*Exercise aim:* Nothing in the data may be omitted; output it all verbatim.
>>>>
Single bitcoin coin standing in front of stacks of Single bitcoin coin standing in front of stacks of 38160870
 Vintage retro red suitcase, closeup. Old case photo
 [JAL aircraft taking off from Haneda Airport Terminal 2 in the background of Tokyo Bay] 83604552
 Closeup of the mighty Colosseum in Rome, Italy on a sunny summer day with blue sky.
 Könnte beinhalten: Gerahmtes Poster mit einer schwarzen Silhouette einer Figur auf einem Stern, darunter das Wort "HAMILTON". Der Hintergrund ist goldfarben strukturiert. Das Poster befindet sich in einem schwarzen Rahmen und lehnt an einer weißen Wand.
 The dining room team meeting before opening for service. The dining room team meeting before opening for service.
<<<<
*Response:*
Single bitcoin coin standing in front of stacks of Single bitcoin coin standing in front of stacks of 38160870
 Vintage retro red suitcase, closeup. Old case photo
 [JAL aircraft taking off from Haneda Airport Terminal 2 in the background of Tokyo Bay] 83604552
 Closeup of the mighty Colosseum in Rome, Italy on a sunny summer day with blue sky.
 Könnte beinhalten: Gerahmtes Poster mit einer schwarzen Silhouette einer Figur auf einem Stern, darunter das Wort "HAMILTON". Der Hintergrund ist goldfarben strukturiert. Das Poster befindet sich in einem schwarzen Rahmen und lehnt an einer weißen Wand.
 The dining room team meeting before opening for service. The dining room team meeting before opening for service.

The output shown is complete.